Decarboxylation is actually one of the oldest known organic chemistry reactions . It involves the conversion of a carboxylic acid group (-COOH) into CO2 and an H atom, and typically requires the simple application of heat to proceed. When Grandma spent 5 hours in the kitchen making her “special brownies”, that’s probably because she was ensuring her weed butter was sufficiently “decarboxylated” first!
The general approach involves low slow heating of the flower, but not whole trimmed buds. People have historically decarboxylated cannabis flower by first breaking it apart. This step alone draws controversy, as some say it’s better to grind the flower while others claim it’s best to pick it apart by hand (speaking from experience, use gloves!). Even further down the rabbit hole are those that advocate for wooden grinders as opposed to metal. Regardless, the flower is then laid on a baking sheet and set to cook in the oven for about 45 minutes to an hour at 225-240 °F . A variation of this is done with a mason jar in an attempt to better capture terpenes during the process. The plant material that’s in contact with the walls of the mason jar will ultimately be the hottest, so every fifteen minutes or so the mason jar is removed from the oven and shaken to redistribute the material to avoid “hot spots”.
A similar general approach involves the method of “sous vide” or vacuum sealed immersion in warm water. The water should act as a more stable temperature bath than the oven, especially when heated with something like an immersion circulator. However unlike when using a mason jar, the plant matter cannot be easily stirred or redistributed if it’s in a vacuum sealed bag during decarboxylation, leading to potential “hot spots”.
Then the method we’re probably most familiar with is decarboxylation in a homemade extraction, such as in butter (cannabutter), olive oil, or any other fatty, edible, and delicious medium. This can be done stove top or in a slow cooker for about 2-3 hours on heat low enough that the mixture doesn’t exceed 200°F . Some folks will also decarboxylate in the oven as described above prior to making cannabutter for their cooking.

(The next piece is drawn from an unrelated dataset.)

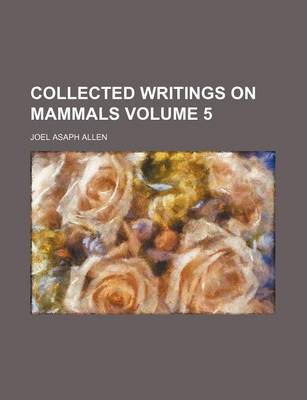 Book cover for Collected Writings on Mammals Volume 5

Generally speaking, the heating methods for decarboxylation of flower have been directly transplanted into the decarboxylation of cannabis crude oil, with some slight modifications and moderate success. In a cannabis extraction and post processing lab, what you may find for decarboxylation is much like an oven but in the form of a heated jacket. Similar to the mason jar and sous vide techniques, heated jackets holding the cannabis crude oil are likely to develop “hot spots”, where crude oil along the walls of the container will be hotter than the oil in the center. This leads to the inevitable and unfortunate degradation of those valuable compounds we’re after, the cannabinoids and the terpenes. Traditionally, losses at the decarboxylation step for cannabis crude oil are over 10%. These losses are widely accepted as the industry standard, as there have not been any major upgrades to heating and decarboxylation technology, until now.

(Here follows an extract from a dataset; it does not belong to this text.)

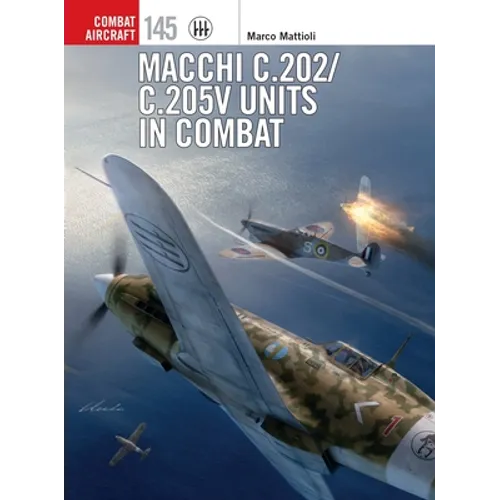 Macchi C.202/C.205v Units in Combat - Paperback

Decarbitation relies on controlled cavitation to uniformly heat and decarboxylate cannabis crude oil. Cavitation is the process of tiny bubbles forming and popping in solution, which generates microscopic shockwaves. These shockwaves actually very gently and uniformly catalyze decarboxylation throughout the entire solution with precision temperature control. We’ve seen efficiencies higher than 99% in just 30 minutes of decarboxylation. What can you achieve with a 10% increase in efficiency?